PPAR-alpha is a member of the peroxisome proliferator-activated receptor (PPAR) family. Studies in different fields have illustrated that PPARs are nuclear receptors that participate in a variety of metabolic functioning, along with cell development and cell growth [69]. Furthermore, recent data suggest that PPARs also play other roles in inflammation, neuropsychiatric diseases, and cancer. PPAR may be an important target for neuroprotection in stroke and neurodegenerative diseases such as Alzheimer’s disease [70]. Preclinical work in mouse models of neurodegeneration, stress, and memory dysfunction has suggested that PPARa may be an important substrate that mediates neuronal health and plasticity. Specifically, very recent data have suggested that PPAR-mediated cellular autophagy reduces Alzheimer’s-related neuropathology and improves cognitive decline [71]. Additional work indicates that PPARa is a critical target mediating the effects of both aspirin and HMG-CoA reductase inhibitors in improving neural plasticity and memory formation in mouse models [72, 73]. Finally, recent work implied that PPARa knockout mice show enhanced fear learning in the passive avoidance test [48]. Together, these data suggest that PPARa may be a causal gene pathway driving networks related to resilience, neuronal plasticity, and cognitive functioning in the aftermath of trauma exposure.
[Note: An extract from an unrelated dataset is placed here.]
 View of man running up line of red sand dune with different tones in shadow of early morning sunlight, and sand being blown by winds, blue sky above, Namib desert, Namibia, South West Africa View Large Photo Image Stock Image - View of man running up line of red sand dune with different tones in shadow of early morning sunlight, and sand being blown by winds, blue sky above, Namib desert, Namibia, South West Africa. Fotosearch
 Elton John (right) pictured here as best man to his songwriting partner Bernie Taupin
Limitations to this work include a relatively limited sample size for this unique type of cohort with combined “omic” datasets, lack of a well-powered replication cohort, whole-blood level RNAseq analyses, transdiagnostic approach including PTSD and/or MDD affected individuals, inclusion of subjects based on symptom severity across diagnoses and not limited to validated DSM diagnostic groups or utilization of gold-standard diagnostic interviews, and insufficient power for sex- or race/ethnic-specific stratification of analyses. Furthermore, examining a number of other potential differences at baseline, including childhood trauma exposure, differential medication history, and other possible pre-trauma confounds, was outside of the scope of the current study. Despite these limitations, there were a number of strengths including novel analytic approaches combining genotype–transcript interactome approaches with causal network analyses, multisite data collection, broad inclusion criteria, rapid enrollment in the post-trauma period in EDs with long-term follow-up data collection, and a transdiagnostic, intermediate phenotype approach to gene discovery.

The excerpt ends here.